U.S. Senators visit University in carbon capture and conversion technology showcase

Carbon capture and conversion technology pioneered by a spin-out company formed at the University of Aberdeen was the focus of a visit by an influential group of U.S. Senators and Scotland's Energy Minister yesterday.

Carbon Capture Machine (UK) Ltd is the sole European entrant to reach the finals of the NRG COSIA Carbon XPRIZE, a major international competition that incentivises the development of breakthrough carbon conversion technologies to reduce global CO2 emissions.

The delegation of U.S. Senators was led by Sen. Lisa Murkowski, chairman of the Senate Energy and Natural Resources Committee.

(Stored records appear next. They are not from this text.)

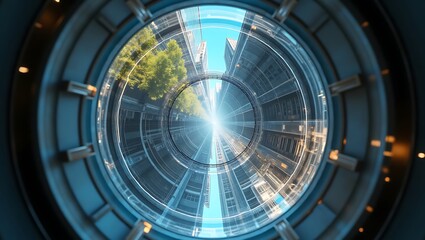 Obraz premium Fantasy upside down environment enclosed within clear glass sphere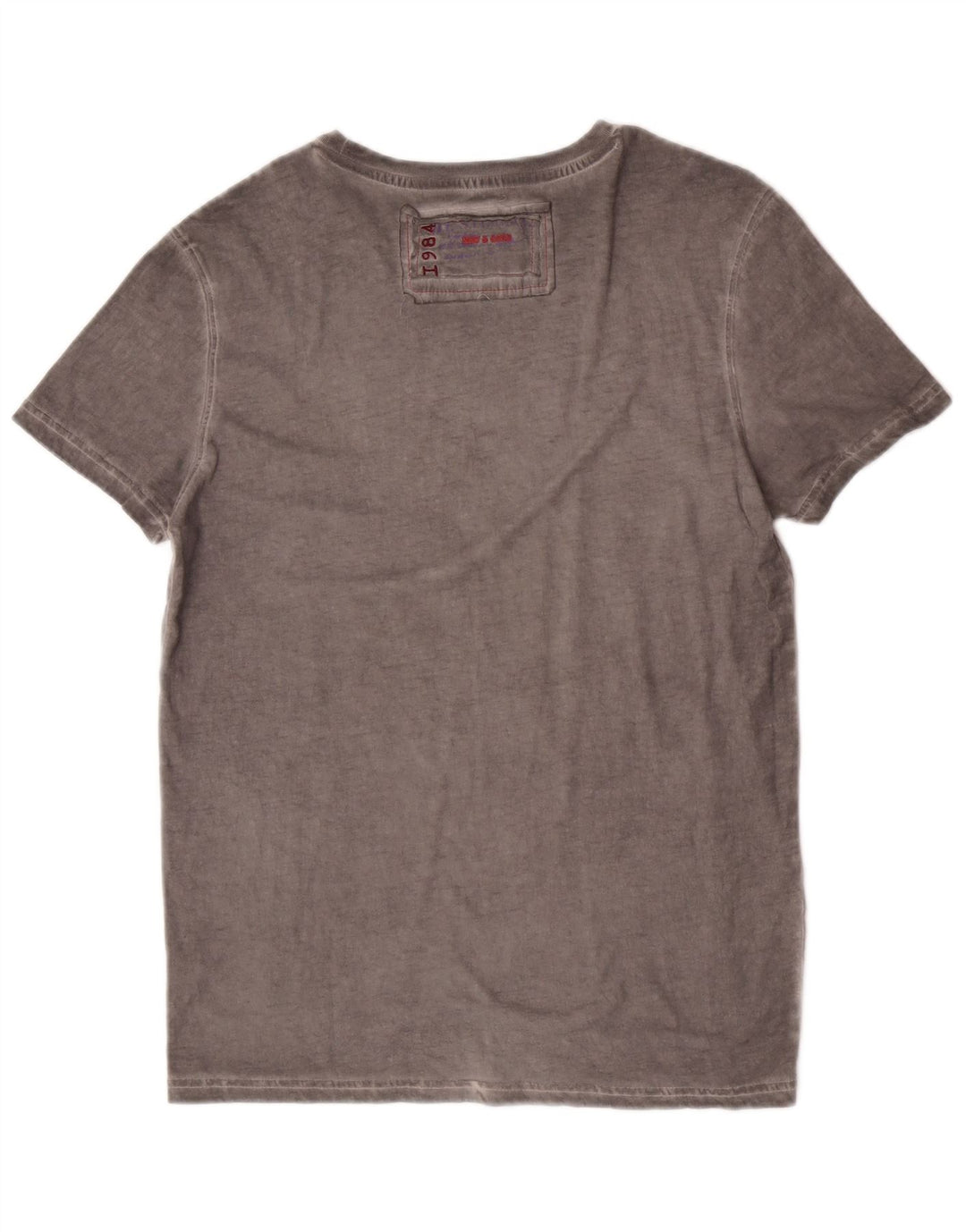 Desigual Mens Graphic T-Shirt Top Medium Grey Cotton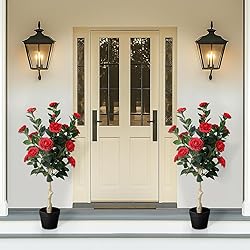 3FT Artificial Camellia Tree, 2 Pack Fake Camellia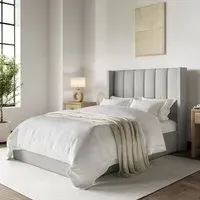 Small Double Ottoman Bed with Storage - Grey, Fabric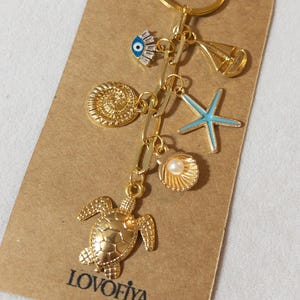 sea keychain, turtle keychain, gift for mom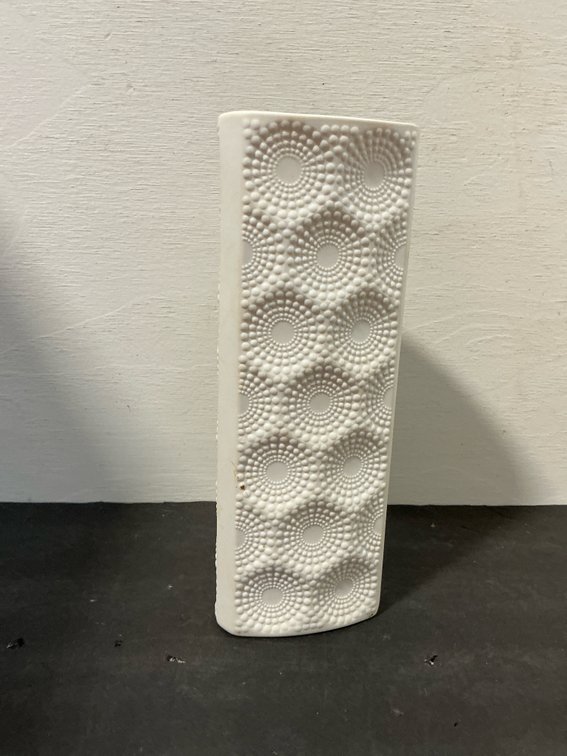 Kaiser white porcelain textured triangular vase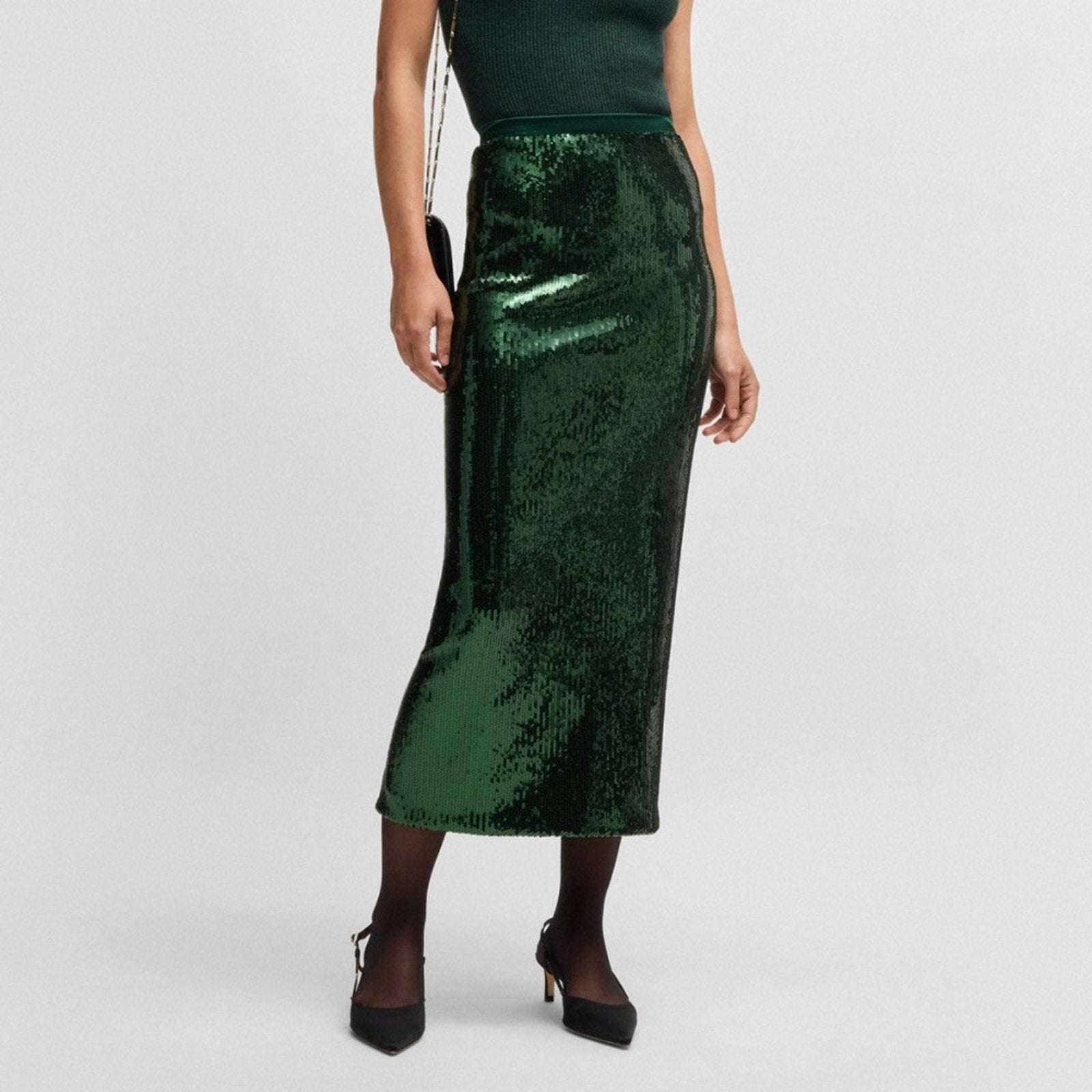NEW BOSS RELAXED-FIT MIDI SKIRT WITH SEQUIN EMBELLISHMENTS - size M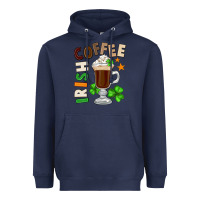 Navy Irish coffee St. Patrick's Day Heavyweight Hoodie - FaDigitalArtStudio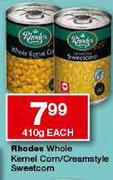 Rhodes Whole Kernel Corn/Creamstyle Sweetcorn-410g Each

Together with Paul Wheelhouse MSP, they formed the core of the group that visited the University’s School of Engineering, where they met with senior figures from the company.

A tour of laboratory facilities was followed by a presentation on the company’s work to develop technology capable of capturing CO2 from large industrial emission sources, and turn it into valuable carbon-negative industry feedstocks and building materials for use in construction projects.

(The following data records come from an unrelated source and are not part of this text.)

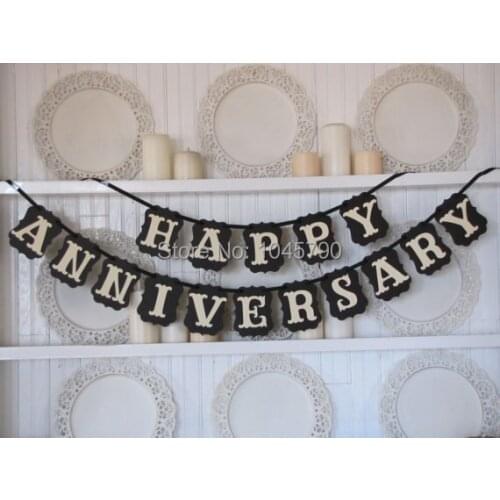 Free Shipping 1 X Black HAPPY ANNIVERSARY Banner Anniversary Sign Hanging Garlands Party Deco Supply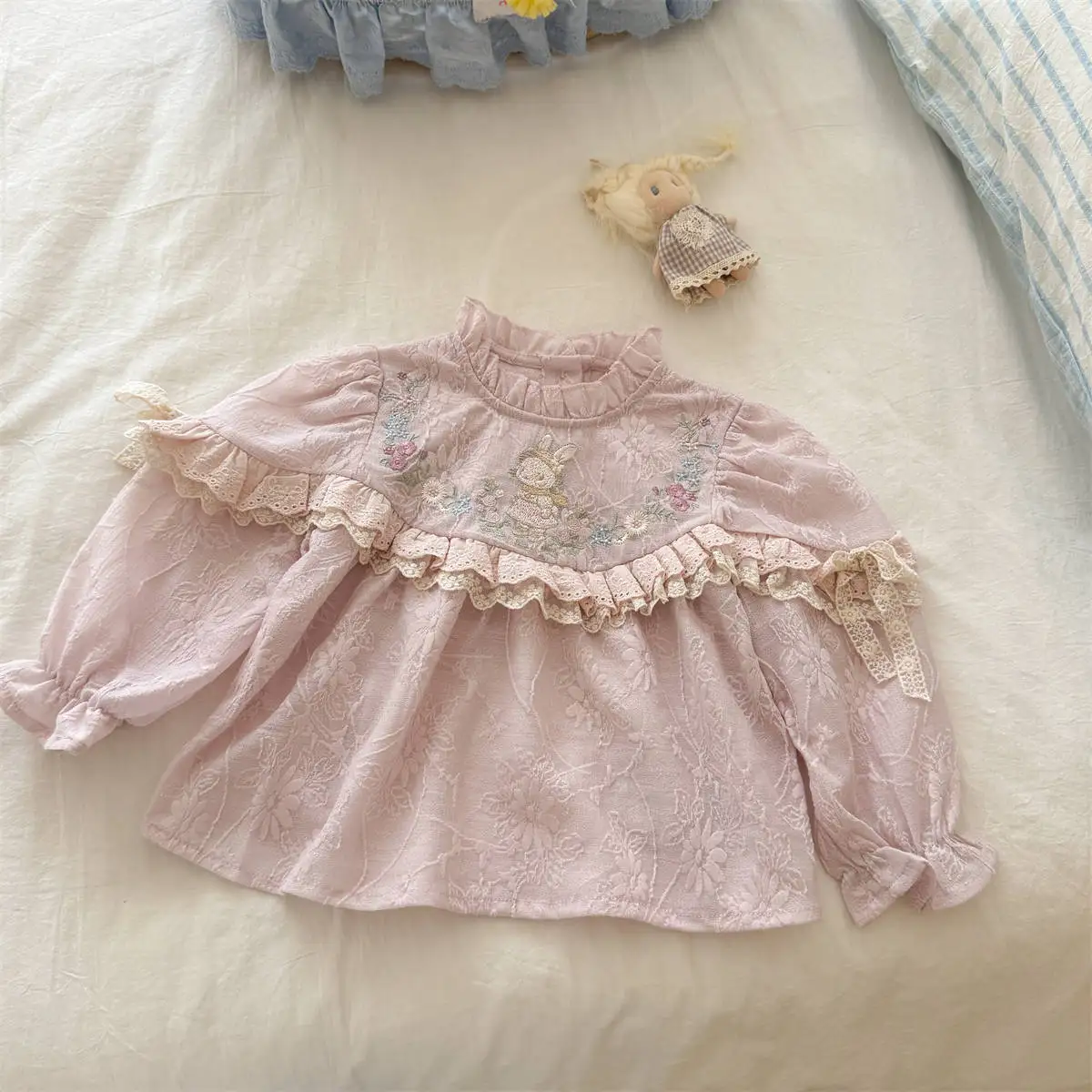 Girl Shirt 2026 Spring and Autumn New Children's Clothing Korean Style Girl Baby Sweet Lace Embroidery Broken Flower Doll Shirt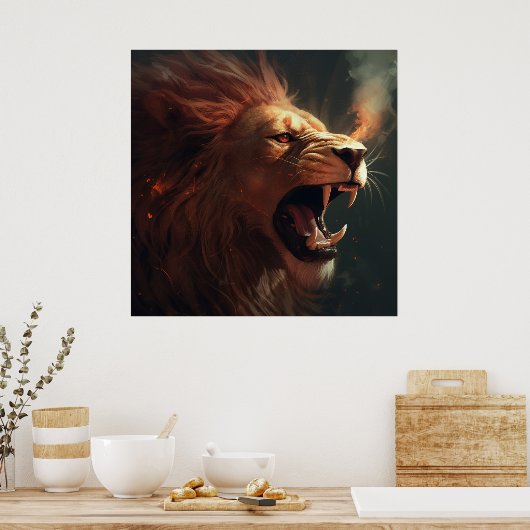 Poster Lion Feu (Keuken)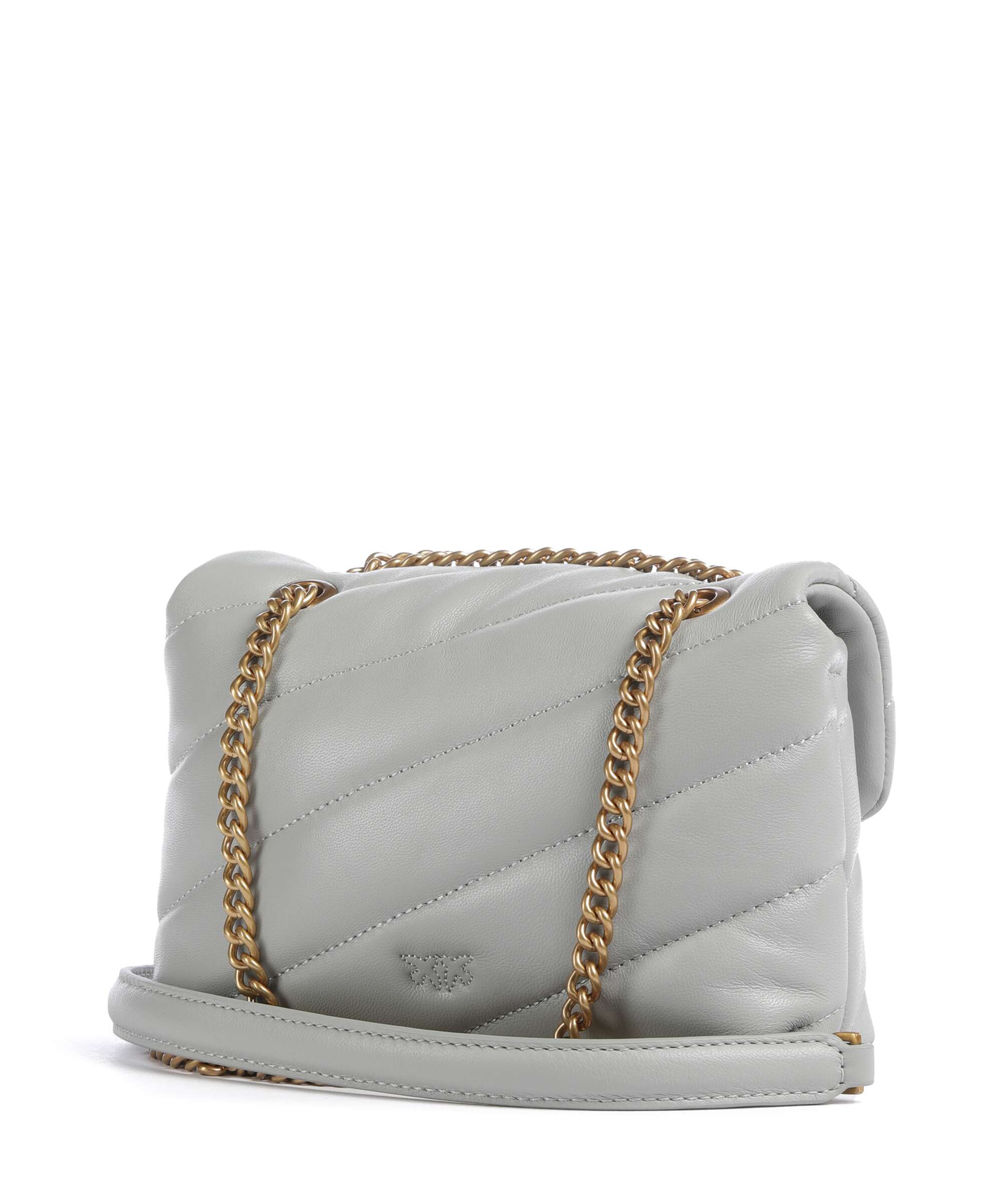 Pinko Love Puff Baby Torba na ramię grigio perla/antique gold - Image 2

Emeritus Professor Fred Glasser, Chair in Chemistry, and Dr Mohammed Imbabi from the School of Engineering conceived and developed the technology over several years.  Together with Professor Zoe Morrison, formerly of the University of Aberdeen Business School, and others, they form the team competing in the Carbon XPRIZE finals.

Professor Glasser said: “We were delighted to meet the U.S. Senate delegation and Mr Wheelhouse to talk about our development of this technology, which has the potential to be a game-changer in carbon capture and utilisation, as our progression to the XPRIZE finals testifies.

“Our initial aim in developing the technology is to deploy it for use in large-scale industrial settings, de-carbonising at source from power stations, factories, and other major CO2 sources.

“In the future, we envisage that it can also be scaled down and miniaturised for use across a wide range of emission sources, from different transport platforms to people’s homes. 

“By de-carbonising at source and converting CO2 into sustainable products and materials we can have a major impact in reducing global CO2 levels.”

Following the visit, Scottish Energy Minister Paul Wheelhouse said: "As a graduate of the University, I very much enjoyed my visit to the University of Aberdeen and the discussion with the US Senators and their delegation.

"The hands-on tour of the Carbon Capture Machine was fascinating and the project's success to date in becoming a 'Carbon X Prize' finalist is testament to the hard work and ingenuity of the team at Aberdeen.

"I wish them every success in its next challenge to build the 'carbon capture machine' to a commercial scale in Wyoming and was particularly impressed by the ability of the process involved to generate useful building materials that could lock in carbon dioxide emissions and, in doing so, to create value from what has been seen as a damaging waste product, and thereby helping to make a potentially significant contribution to tackling the climate emergency."

University Senior Vice-Principal Karl Leydecker added: “It was an honour to welcome members of the U.S. Senate Committee and Scotland’s Energy Minister to Aberdeen today.

“The University is renowned for its strength in interdisciplinary research that aims to address global challenges, and the creation of CCM (UK) Ltd underlines our commitment to supporting and commercialising emerging technologies that have been developed here.”